Don’t even get me started on the lack of medical care. All these clinics the province is opening is ridiculous. First you have to find one that is not “at capacity” and then, when you do, the waiting time is usually about three to four hours long. Seniors can’t sit there that long.

I think it is about time for the government to step up and help.

It burns my butt that drug addicts get free housing, are fed and now get free drugs. How is that helpful in getting them drug free? It’s not. As a senior I just want to sit down and cry.

Colleen White

There is true bliss just 50 miles up

Writing of ”slipping the surly bonds of earth,” Robert Service may not have seen in his mind’s eye that people would actually do that.

With Jeff Bezos and Richard Branson lifting themselves and others to “swing in the sunlit silence,” it is a wonder why anyone would want to return from the bliss and pure joy of seeing your blue-green home from aloft.

Yet reality of chaos, mayhem and grief with which one must contend, raises the question, why can’t we achieve on Earth as it is from 50 miles up?

Steve Hoffman

Faith in humanity revived by Peter and Karen

In these trying and troubled times, we experienced an event of extreme kindness that restored our faith in humanity on Saturday.

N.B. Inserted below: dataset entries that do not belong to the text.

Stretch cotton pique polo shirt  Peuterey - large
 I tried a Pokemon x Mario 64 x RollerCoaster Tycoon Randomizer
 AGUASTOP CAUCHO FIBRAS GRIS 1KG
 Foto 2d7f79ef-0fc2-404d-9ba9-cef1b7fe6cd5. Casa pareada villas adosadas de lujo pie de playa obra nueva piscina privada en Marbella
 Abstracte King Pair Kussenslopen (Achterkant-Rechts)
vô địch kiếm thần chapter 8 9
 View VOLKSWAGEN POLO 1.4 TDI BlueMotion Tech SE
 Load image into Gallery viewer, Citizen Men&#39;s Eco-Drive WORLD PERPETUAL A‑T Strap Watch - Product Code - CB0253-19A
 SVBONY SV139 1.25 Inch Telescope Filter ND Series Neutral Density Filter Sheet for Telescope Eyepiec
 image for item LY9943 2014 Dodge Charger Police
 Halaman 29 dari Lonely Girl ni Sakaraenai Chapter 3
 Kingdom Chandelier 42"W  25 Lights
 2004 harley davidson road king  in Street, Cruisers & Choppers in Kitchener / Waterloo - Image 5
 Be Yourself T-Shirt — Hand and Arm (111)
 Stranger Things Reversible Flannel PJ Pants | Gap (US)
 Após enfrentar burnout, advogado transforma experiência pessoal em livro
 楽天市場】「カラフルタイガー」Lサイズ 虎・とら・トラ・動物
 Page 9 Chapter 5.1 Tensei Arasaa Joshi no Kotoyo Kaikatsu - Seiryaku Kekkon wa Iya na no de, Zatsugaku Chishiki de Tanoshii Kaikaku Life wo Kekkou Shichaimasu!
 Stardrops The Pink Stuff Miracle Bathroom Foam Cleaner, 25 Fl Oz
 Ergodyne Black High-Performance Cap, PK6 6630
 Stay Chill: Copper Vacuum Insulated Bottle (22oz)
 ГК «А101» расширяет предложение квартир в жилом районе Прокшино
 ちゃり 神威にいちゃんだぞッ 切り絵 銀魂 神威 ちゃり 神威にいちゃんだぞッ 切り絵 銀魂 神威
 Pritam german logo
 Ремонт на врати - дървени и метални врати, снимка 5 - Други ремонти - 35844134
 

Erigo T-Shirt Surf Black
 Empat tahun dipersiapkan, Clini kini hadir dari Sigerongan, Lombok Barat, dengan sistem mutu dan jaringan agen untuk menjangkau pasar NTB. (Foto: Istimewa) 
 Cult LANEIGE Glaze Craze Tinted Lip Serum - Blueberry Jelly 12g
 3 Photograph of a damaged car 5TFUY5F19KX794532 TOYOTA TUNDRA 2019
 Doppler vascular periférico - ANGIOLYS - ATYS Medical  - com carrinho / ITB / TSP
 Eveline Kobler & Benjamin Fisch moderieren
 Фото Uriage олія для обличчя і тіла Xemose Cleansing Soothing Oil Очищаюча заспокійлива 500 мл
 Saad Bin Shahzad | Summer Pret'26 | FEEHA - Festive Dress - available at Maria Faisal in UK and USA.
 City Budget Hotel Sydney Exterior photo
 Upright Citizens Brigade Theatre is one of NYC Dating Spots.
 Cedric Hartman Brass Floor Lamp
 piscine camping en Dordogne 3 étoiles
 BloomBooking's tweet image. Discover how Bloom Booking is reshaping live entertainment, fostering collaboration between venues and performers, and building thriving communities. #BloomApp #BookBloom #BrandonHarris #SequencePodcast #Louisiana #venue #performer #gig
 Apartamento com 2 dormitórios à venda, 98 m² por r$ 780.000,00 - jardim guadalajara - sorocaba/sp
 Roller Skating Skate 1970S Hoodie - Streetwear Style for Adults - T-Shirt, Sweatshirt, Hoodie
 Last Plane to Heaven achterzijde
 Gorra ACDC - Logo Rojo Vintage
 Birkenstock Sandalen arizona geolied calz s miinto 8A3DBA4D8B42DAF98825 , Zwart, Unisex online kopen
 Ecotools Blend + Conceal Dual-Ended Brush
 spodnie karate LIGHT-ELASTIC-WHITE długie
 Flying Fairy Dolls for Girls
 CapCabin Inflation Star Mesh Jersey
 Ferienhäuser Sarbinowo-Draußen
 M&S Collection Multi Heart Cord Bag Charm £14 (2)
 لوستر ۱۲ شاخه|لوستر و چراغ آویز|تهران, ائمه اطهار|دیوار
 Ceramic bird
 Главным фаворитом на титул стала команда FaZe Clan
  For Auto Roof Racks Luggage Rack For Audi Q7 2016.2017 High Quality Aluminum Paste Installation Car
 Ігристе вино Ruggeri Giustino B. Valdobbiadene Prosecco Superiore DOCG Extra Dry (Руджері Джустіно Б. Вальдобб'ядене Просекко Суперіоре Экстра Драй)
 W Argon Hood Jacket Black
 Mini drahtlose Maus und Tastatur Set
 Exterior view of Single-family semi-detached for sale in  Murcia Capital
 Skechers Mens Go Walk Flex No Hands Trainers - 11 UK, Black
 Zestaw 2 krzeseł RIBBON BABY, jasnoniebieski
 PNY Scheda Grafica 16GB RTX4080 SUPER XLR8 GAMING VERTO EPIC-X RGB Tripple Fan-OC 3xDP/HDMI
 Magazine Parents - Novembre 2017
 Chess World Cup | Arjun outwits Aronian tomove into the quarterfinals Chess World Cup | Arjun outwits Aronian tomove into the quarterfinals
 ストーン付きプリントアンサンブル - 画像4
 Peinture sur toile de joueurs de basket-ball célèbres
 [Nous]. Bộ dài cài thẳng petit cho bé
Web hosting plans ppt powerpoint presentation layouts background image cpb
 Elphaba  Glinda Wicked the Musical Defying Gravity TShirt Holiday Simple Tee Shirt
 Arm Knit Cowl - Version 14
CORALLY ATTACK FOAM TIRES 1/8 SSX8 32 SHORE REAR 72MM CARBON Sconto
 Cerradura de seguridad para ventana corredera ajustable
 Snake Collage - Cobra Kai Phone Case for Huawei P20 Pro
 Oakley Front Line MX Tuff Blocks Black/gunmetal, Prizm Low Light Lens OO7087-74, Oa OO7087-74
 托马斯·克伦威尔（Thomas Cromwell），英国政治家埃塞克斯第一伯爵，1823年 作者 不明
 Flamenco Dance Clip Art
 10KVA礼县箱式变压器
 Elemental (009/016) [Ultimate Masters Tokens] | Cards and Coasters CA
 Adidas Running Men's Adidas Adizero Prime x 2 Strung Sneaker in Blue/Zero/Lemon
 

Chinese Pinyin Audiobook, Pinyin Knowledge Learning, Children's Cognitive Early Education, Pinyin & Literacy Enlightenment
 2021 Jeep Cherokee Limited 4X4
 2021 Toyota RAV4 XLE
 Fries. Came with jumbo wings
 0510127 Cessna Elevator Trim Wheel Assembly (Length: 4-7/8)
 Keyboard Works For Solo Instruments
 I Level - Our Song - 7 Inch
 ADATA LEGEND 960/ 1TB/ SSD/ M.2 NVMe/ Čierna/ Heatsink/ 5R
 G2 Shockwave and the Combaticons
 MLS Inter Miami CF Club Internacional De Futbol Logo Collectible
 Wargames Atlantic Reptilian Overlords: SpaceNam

After biking from James Bay to Oak Bay Marina, we got a flat tire on one of our bikes while in the parking lot. Peter and Karen instantly got out of their car and offered to help.

Discovering that we needed a new tube, they offered to drive and pick one up, (they picked up two for us), returned and then installed the tube, and then declined our offer to pay saying they were just paying it forward.

Thank you Peter and Karen, your kindness touched our hearts deeply and inspires us to help others as you helped us.

John Woodruffe
James Bay

Information needed on our safety

Minister Adrian Dix and Dr. Bonnie Henry, where did you go?

Clarity and guidance are sorely needed as our full vaccination rates do not seem adequate protection in the face of new variant threats.

Where are we exactly with vaccination rates? How safe are we in British Columbia with so much cross-border opening?

Please don’t leave us to find information from the B.C. Centre for Disease Control online. Not everyone has that option and we cannot ask questions.

Connie Bortnick

Putting people first? Ask the medical orphans

At about 9:30 a.m., two medical clinics on the Saanich Peninsula were at capacity and the third one was closed. The only place left for us “medical orphans” is the Saanich Peninsula Hospital emergency ward.

About 18 per cent, or 900,000 people in B.C., have no access to primary health care. At the same time, our tax dollars are made available for industry, in the form of tax breaks, subsidies, loan guarantees and grants.

People without a family doctor are a symptom of a failure on the part of government to put people first.